NO MORE NEONICS
THREE POPULAR ACTIVE INGREDIENTS ON THE GOVERNMENT’S CHOPPING BLOCK
BY TREVOR BACQUE
What’s your secret cure for the hiccups? Do you hold your breath? Do you drink a glass of water from the side? Do you hop on one leg?
What if you weren’t allowed to do anything and had to hope the diaphragmatic dilemma resolved itself? When we have problems, we look for solutions to solve them. It’s instinctive. But what if the solutions to your problems became unavailable? Or worse yet, illegal.

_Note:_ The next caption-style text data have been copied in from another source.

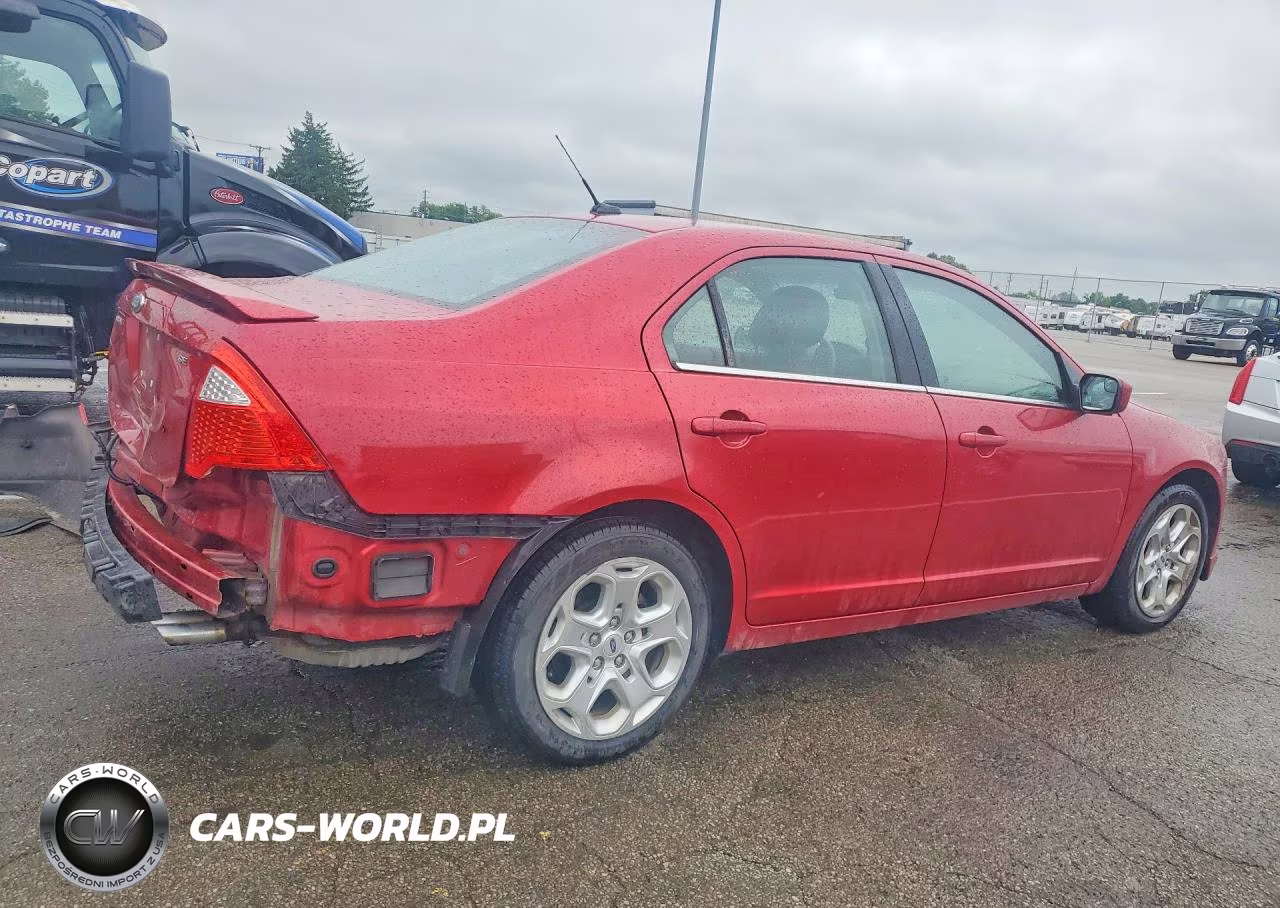 2011 Ford Fusion Se VIN:3FAHP0HA0BR153661 - 3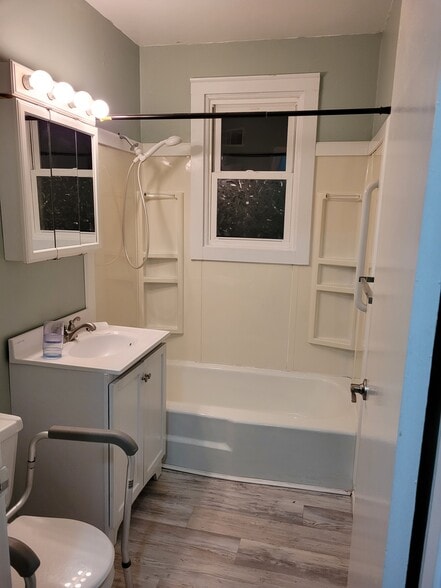 Building Photo - 209 W Green St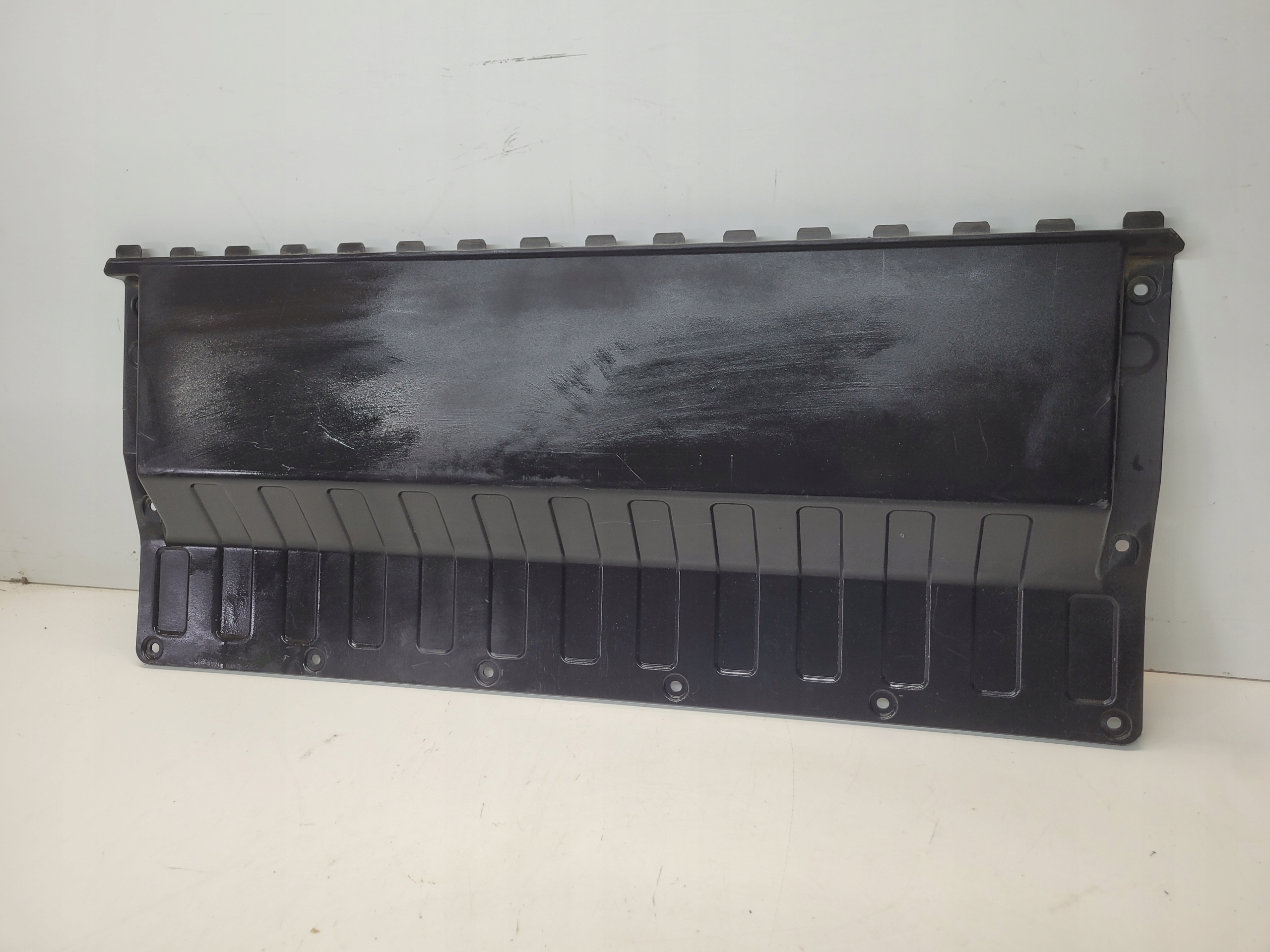floor boot AUDI A6 C6 AVANT 4F9864797B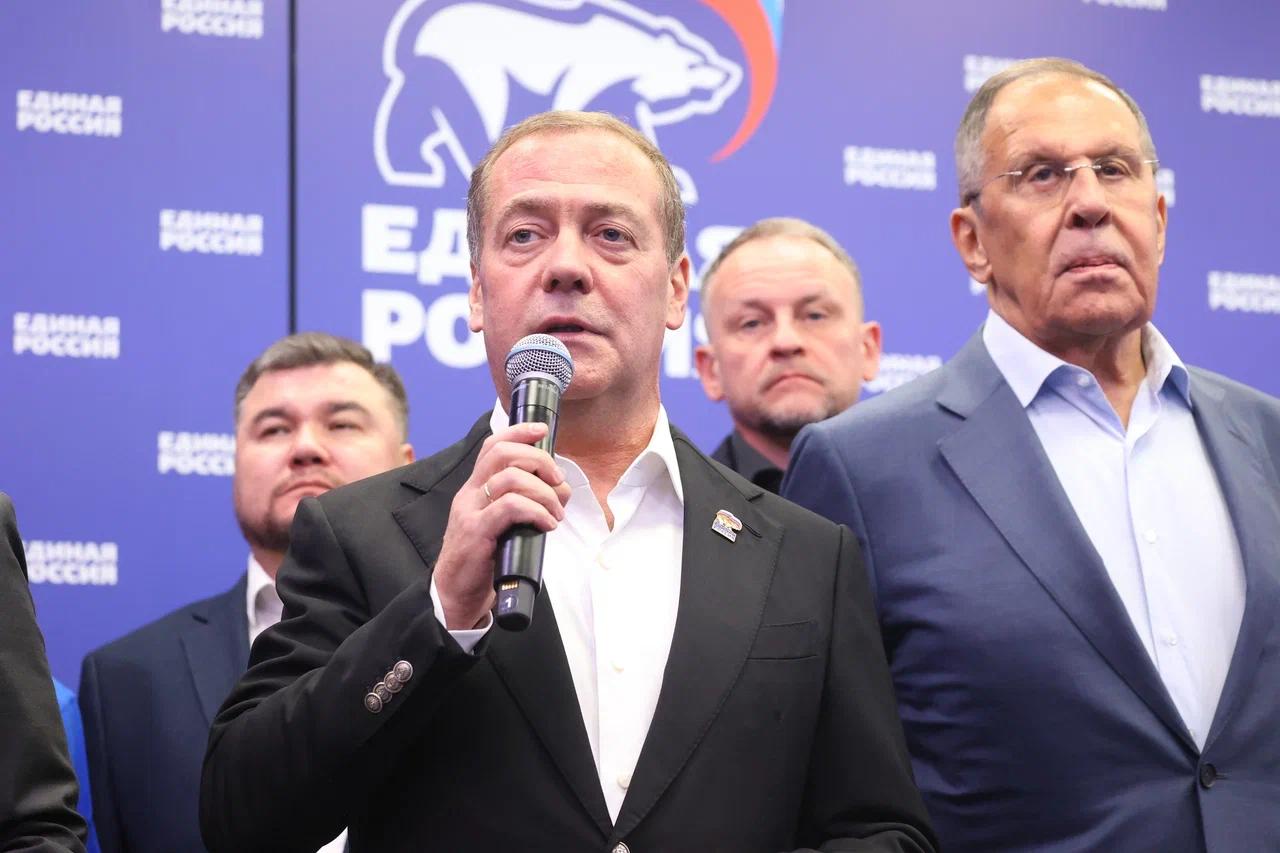 Дмитрий Медведев заявил, что граждане сохраняют доверие к «Единой России»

Western Canadian farmers may experience a few hiccups of their own when it comes to protecting their crops thanks to recent decisions by Health Canada’s Pest Management Regulatory Agency (PMRA) surrounding three common neonicotinoids.
Neonics have been commonplace for Western Canada’s farmers since the early 2000s with the introduction of imidacloprid, thiamethoxam and clothianidin, which replaced harsh and more toxic organophosphates such as lindane and diazinon, which farmers often mixed by hand.

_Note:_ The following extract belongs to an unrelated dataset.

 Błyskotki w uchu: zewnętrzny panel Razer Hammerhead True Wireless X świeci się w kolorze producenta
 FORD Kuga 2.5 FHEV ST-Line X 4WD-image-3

“When [neonics] were brought to Canada, the PMRA and other regulators fast-tracked those because they were in the process of getting rid of the organophosphates. This new class heralded a new approach and less human toxicity and they were welcomed as a great alternative to the organophosphates,” said Pierre Petelle, CEO of CropLife Canada, an Ottawa, ON-based industry group representing the world’s largest agrochemical companies within Canada.
Imidacloprid is a neonic used extensively to combat wireworm in wheat. As with all active ingredients, it was subject to a 15-year cyclical review by the PMRA. This Nov. 23, 2016 report concluded there were concerns related to aquatic invertebrates. Its findings triggered special re-evaluations of two other common neonics— thiamethoxam and clothianidin—also based on potential risk to the health of the aquatic species.

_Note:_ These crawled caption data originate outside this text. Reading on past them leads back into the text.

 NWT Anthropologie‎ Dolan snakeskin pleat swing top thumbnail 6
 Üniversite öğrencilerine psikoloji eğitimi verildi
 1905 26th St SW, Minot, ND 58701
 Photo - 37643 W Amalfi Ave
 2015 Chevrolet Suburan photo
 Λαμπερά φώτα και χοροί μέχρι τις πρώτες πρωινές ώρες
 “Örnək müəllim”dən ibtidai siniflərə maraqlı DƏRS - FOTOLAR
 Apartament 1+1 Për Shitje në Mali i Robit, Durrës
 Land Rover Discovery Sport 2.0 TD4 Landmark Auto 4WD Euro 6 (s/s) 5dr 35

During the 120-day consultation period on imidacloprid, more than 46,000 comments were submitted to the government on its proposed ban. The final proposals may push for the complete revocation of all three ingredients in outdoor operations with the exception of thiamethoxam in greenhouses.
“My concern is that not only are Canadian growers losing significant and important active ingredients, the reputation [of Canada] as a predictable scientific country to come to might erode the attractiveness for new chemistries, as well,” said Petelle.
The publication of the imidacloprid decision was released after press time. The decisions for thiamethoxan and clothianidin are expected in January 2020.
SO, HOW DID CANADA GET HERE?
In January 2016, the Auditor General’s office published a report by the PMRA on its study of the government agency’s activities during fiscal year 2014/15. Julie Gelfand, Canada’s federal commissioner of the Environment and Sustainable Development, made a three-minute video to publicly lambaste the agency for various infractions in what was effectively a disciplinary report. Of the seven recommendations that came down on the PMRA, most related to correcting poor internal controls and lack of oversight. The report suggested these deficiencies resulted in lost productivity, misspent work time and in the agency falling behind on re-evaluations of critical ingredients.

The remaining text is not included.